On a beautiful, warm sunny morning we sat in the park and shared a Richard Rohr meditation:
You can call it the collective unconscious; you can call it the One Spirit of God—the question is, why are so many people from different cultures, countries, ethnicities, educations, and religions saying very similar things today? This really is quite amazing and to my knowledge has no precedent in human history.
We are rediscovering the perennial tradition—a phrase that points to an idea of a shared universal truth. Some of us called it the “wisdom tradition” which keeps showing itself in all of the world religions throughout history. This wisdom cannot be dismissed as mere syncretism—a word sometimes used to dismiss something unfamiliar or different as merely lightweight thinking, scepticism, or just wrong.
Too many of God’s holy people from other “flocks” keep saying the same or very similar things for them to be false. Hearing the same thing in different language and images helps us see the same reality more clearly.
The One and the Many
The beauty of the world is Christ’s tender smile for us coming through matter. —Simone Weil
Much of our life we are trying to connect the dots, to pierce the heart of reality to see what is good, true, and beautiful for us. We want something lasting and transcendent.
How we search, however, will determine what we find or even want to find. I suggest that we should be searching primarily in the universal and wise depths of recurring symbols, metaphors, and sacred stories, which is where humans can find deep and lasting meaning—or personal truth. That is what we mean by the Perennial Tradition and why George Bernard Shaw wrote, “There is only one religion, though there are a hundred versions of it.” The best religious metaphors assert not just a truth held by one religion, but a universal truth.
Metaphor is the only possible language available to religion because it alone is honest about Mystery. The underlying messages that different religions and denominations use are often in strong agreement, but they use different metaphors to communicate their own experience of union with God. Jesus says, for example, “There are other sheep I have that are not of this fold, and these I have to lead as well. They too listen to my voice” (John 10:16a). He is quite obviously talking metaphorically by calling people sheep. He is also saying that sometimes the outsider of the “flock” hears as well as the insider. Furthermore, he says that he cares about and respects the “other sheep,” which means that we should too. These are crucial points, and those who refuse to mine the metaphors will miss them.
Jesus’ intention here that there be “only one flock” (John 10:16b), and his later prayer “that all may be one” (John 17:21-23), can be achieved only by overcoming all otherness—so Jesus speaks of the “other sheep.” The goal is never to overcome all differences, since God clearly created us different in limitless ways. Differences are not the same as otherness, or at least they need not be. Through clever metaphors such as sheep and flocks, unity and yet differentiation, Jesus resolves what is sometimes called “the first philosophical problem” of the one and the many. How does one reconcile diversity with any underlying unity? To do this, Jesus, himself, uses many metaphors, so it is difficult to say that even he has only one and completely consistent image of God—beyond love itself!

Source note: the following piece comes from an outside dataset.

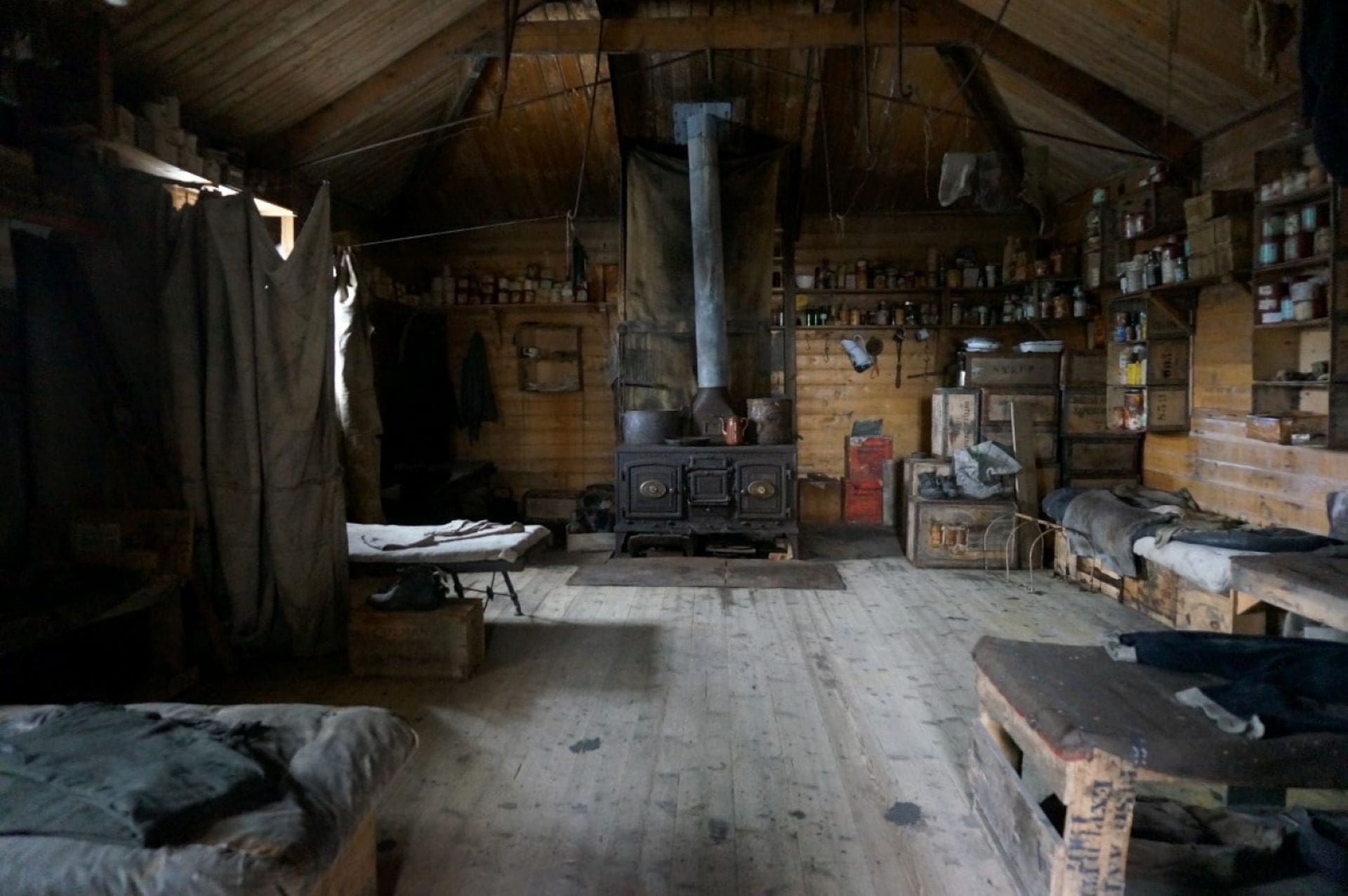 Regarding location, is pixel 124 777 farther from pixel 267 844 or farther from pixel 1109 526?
pixel 1109 526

We must never be too tied to our own metaphors as the only possible way to speak the truth. Rather, we must approach all metaphors and symbols humbly and respectfully, keeping all the inner spaces of mind, heart, and body open at the same time. I would call such respectful and non-egocentric attention “prayer.”
After a time of contemplation, we sat in the park with a takeaway coffee (Fairtrade obviously) and continued to enjoy the beauty surrounding us.